[Description of the task]
Each line of the data holding "Parts" should be found and copied.

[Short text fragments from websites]
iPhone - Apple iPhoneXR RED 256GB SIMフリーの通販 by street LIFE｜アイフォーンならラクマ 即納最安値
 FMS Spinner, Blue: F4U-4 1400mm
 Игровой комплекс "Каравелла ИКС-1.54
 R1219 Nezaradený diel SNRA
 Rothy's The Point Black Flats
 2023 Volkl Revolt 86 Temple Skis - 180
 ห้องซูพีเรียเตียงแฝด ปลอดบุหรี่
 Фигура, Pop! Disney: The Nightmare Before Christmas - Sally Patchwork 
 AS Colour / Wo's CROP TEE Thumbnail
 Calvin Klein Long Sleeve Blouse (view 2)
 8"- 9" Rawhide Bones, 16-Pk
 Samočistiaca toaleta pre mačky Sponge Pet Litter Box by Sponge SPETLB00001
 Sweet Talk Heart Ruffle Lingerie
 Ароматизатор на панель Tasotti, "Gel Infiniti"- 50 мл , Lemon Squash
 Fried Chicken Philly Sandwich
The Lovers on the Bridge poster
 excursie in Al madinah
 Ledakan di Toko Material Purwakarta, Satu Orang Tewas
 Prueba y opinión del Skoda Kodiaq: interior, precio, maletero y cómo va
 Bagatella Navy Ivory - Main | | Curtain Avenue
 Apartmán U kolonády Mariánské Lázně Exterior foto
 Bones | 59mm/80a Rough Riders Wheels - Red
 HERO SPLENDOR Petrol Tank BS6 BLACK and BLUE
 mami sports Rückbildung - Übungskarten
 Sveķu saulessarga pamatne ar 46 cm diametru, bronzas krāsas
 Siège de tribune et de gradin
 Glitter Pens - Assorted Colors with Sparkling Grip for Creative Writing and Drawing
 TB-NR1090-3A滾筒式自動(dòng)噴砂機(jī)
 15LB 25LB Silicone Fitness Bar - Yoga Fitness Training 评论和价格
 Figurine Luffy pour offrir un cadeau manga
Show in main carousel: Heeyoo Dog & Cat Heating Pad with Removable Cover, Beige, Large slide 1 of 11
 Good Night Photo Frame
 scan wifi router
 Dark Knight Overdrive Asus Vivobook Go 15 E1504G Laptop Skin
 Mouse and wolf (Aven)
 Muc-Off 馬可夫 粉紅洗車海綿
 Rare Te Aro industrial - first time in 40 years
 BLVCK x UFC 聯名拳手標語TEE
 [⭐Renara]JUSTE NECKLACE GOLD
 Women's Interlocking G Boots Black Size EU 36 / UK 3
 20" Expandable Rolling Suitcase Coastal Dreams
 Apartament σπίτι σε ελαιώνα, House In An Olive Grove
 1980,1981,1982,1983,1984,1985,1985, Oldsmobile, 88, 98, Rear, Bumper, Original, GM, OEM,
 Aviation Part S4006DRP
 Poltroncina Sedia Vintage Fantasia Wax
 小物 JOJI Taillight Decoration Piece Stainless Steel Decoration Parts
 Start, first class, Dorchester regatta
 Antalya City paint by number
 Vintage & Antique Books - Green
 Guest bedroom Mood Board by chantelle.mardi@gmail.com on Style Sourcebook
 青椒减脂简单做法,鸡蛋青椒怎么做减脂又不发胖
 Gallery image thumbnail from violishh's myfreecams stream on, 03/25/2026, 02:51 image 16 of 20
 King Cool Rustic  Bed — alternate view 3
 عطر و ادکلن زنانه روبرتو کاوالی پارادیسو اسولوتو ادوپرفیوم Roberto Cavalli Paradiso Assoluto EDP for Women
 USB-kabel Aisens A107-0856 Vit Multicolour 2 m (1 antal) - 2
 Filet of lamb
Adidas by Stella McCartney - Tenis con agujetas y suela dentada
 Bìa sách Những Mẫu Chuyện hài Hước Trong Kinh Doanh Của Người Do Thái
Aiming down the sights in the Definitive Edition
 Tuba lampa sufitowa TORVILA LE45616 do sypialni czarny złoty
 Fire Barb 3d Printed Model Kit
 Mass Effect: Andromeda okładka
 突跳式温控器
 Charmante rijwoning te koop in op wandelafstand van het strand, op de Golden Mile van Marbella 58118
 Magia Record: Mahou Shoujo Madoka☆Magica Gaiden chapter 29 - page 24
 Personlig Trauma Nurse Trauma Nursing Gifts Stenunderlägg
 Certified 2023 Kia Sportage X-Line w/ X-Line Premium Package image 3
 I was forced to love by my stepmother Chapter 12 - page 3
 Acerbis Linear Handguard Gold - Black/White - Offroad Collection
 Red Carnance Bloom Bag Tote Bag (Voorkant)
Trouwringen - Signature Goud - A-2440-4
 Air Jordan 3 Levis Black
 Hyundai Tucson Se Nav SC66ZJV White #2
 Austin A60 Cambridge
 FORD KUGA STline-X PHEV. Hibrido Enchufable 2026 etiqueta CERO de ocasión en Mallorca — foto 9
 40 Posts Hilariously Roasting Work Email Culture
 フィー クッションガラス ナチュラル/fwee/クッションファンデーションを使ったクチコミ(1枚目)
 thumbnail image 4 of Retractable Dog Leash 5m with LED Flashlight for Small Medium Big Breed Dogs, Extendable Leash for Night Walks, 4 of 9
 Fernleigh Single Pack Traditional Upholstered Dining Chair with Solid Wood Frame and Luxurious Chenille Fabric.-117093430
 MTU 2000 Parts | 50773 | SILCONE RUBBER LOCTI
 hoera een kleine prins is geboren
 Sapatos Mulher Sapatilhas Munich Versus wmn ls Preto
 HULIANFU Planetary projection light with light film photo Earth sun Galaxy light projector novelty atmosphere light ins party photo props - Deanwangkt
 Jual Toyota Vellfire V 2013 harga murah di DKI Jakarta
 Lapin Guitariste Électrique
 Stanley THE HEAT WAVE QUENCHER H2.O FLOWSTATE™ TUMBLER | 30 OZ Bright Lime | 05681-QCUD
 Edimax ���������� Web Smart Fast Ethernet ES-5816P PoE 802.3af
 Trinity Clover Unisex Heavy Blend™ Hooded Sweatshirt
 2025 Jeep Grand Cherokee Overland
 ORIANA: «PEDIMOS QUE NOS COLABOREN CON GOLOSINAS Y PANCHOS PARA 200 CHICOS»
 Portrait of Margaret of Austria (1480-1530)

[Problem solution]
 小物 JOJI Taillight Decoration Piece Stainless Steel Decoration Parts
 MTU 2000 Parts | 50773 | SILCONE RUBBER LOCTI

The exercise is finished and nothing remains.